The resulting REAL-V-TSFM dataset is notably diverse, containing over 6,000 time series from more than 600 different objects. It exhibits significant heterogeneity in length and value range, and a higher percentage of stationary series compared to conventional datasets like M4, indicating a different kind of temporal behavior. This diversity is crucial for truly testing the generalization capabilities of TSFMs.
Performance on Real-World Data
The study evaluated three state-of-the-art TSFMs: Chronos (variants like amazon/chronos-bolt-base and amazon/chronos-t5-large) and google/timesfm-2.0-500m-pytorch, alongside a Linear Regression baseline. These models were tested under zero-shot forecasting conditions on both the traditional M4 dataset and the newly proposed REAL-V-TSFM dataset, using metrics such as MAPE, sMAPE, Aggregate Relative WQL, and Aggregate Relative MASE.
The experimental results revealed a significant finding: while the TSFMs generally performed strongly on the conventional M4 dataset, outperforming the baseline, they exhibited a noticeable performance degradation when applied to REAL-V-TSFM. For instance, google/timesfm-2.0-500m-pytorch, which showed excellent performance on M4, saw a substantial increase in errors on the video-derived dataset. This suggests that despite their strong performance on synthetic or conventional benchmarks, these foundation models have limited generalizability to time series data extracted from real-world events.

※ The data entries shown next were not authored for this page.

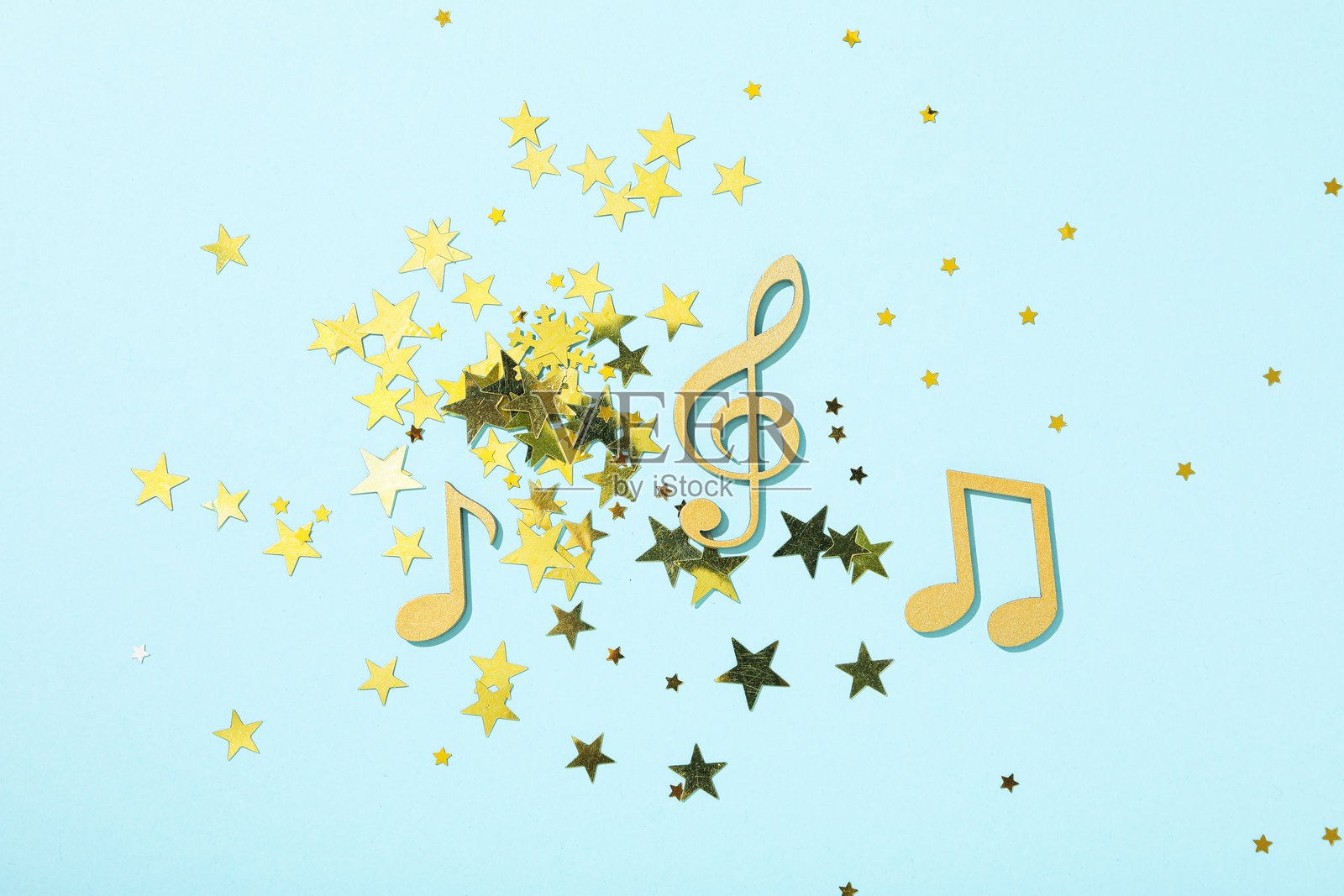 粉色时钟与卡带和键盘，置于光线下照片摄影图片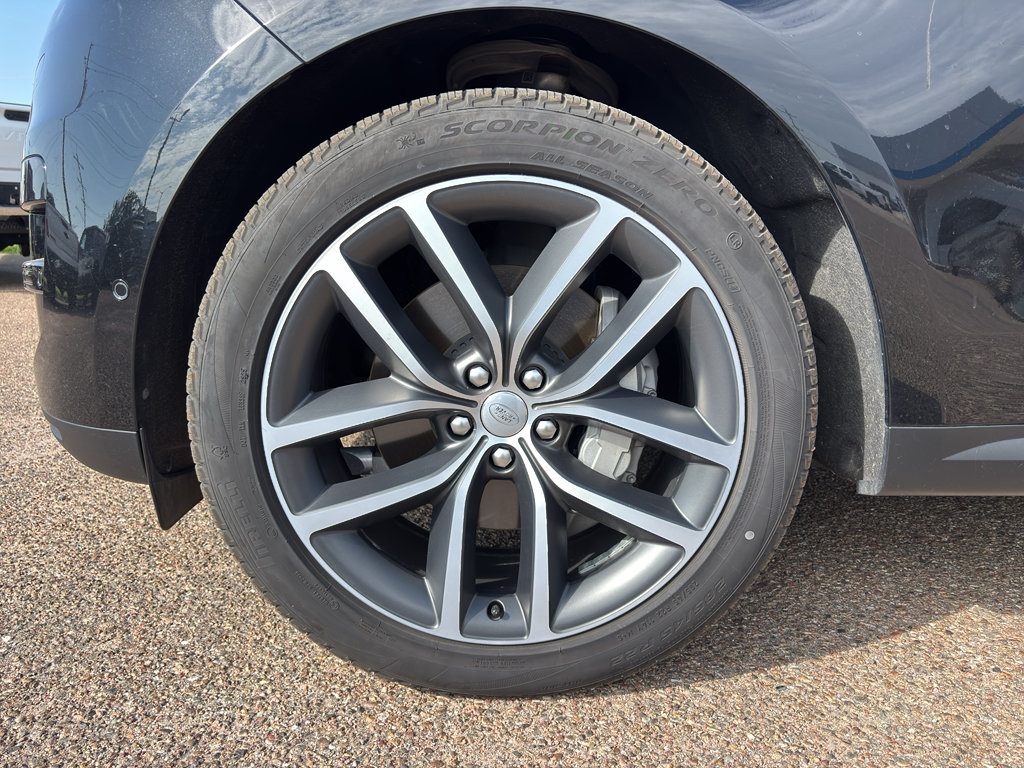 Used 2023 Land Rover Range Rover Sport SE AWD/4WD image 19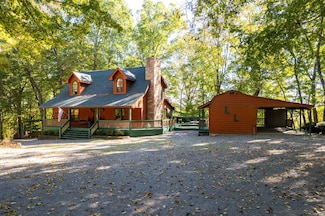 300 Old River Rd, Scottsville, KY 42164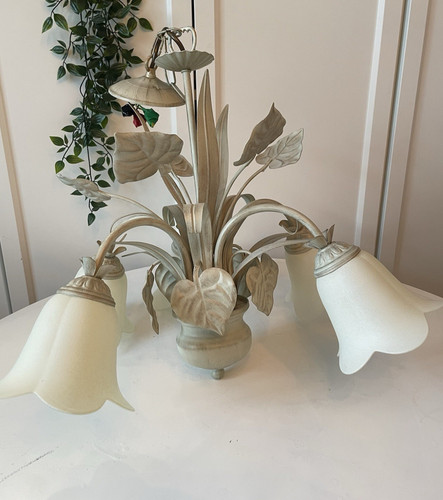 Lampadario casetta panna stile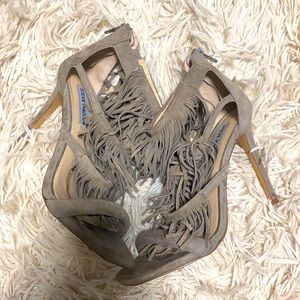 Steve Madden nude fringe heels. 7.5 Only worn once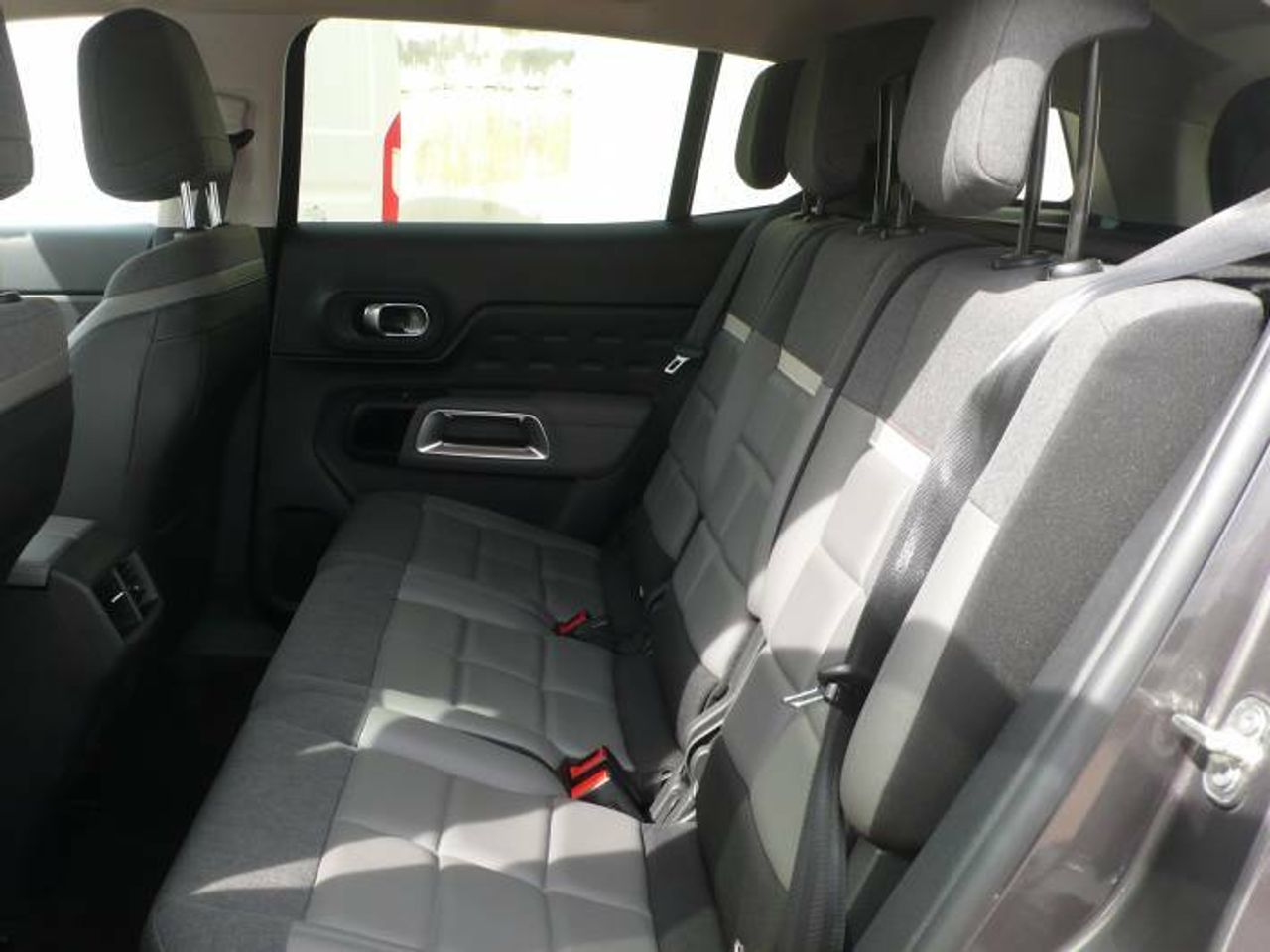 Citroën C5 Aircross 1.6 Shine Hybrid AT8 225cv E6d  - Foto 10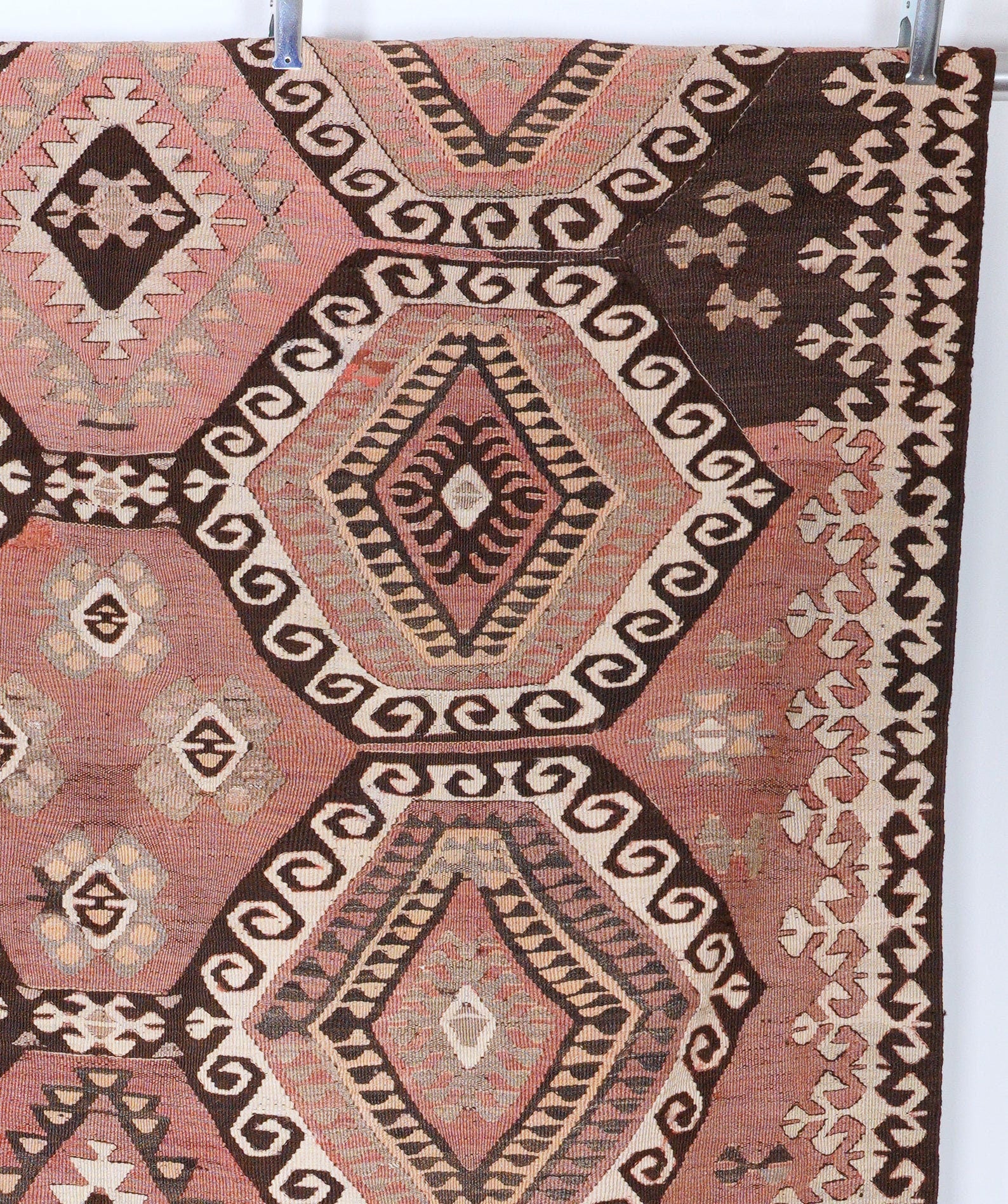 Vintage Kilim aus Mut/Südanatolien – handgewebter Teppich aus Wolle, 265 × 142 cm. Anatolian Soul No. 107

Interestingly, the study also explored the impact of model size, finding that increasing the number of parameters in Chronos models led to only limited performance gains. Smaller models sometimes achieved comparable results to their larger counterparts, suggesting that scaling laws might not consistently apply to TSFMs in the same way they do for other foundation models. Furthermore, the performance varied considerably depending on the type of object in the video, with animal movements proving particularly challenging to forecast compared to inanimate objects.
Also Read:
- TIMEOMNI-1: A Unified Model for Advanced Time Series Reasoning
- Assessing Synergy in Unified AI Models: The RealUnify Benchmark
Looking Ahead
The findings of this research underscore an urgent need for data-centric benchmarking and the development of more diverse model structures to advance TSFMs toward genuine universality. The authors emphasize that future research should explore incorporating richer data modalities and enhancing model adaptability. The video-based time series data extraction pipeline introduced in this work, detailed further in the full research paper, offers a promising avenue for generating diverse and informative time series from the vast amount of available video data, paving the way for more robust and generalizable time series forecasting models.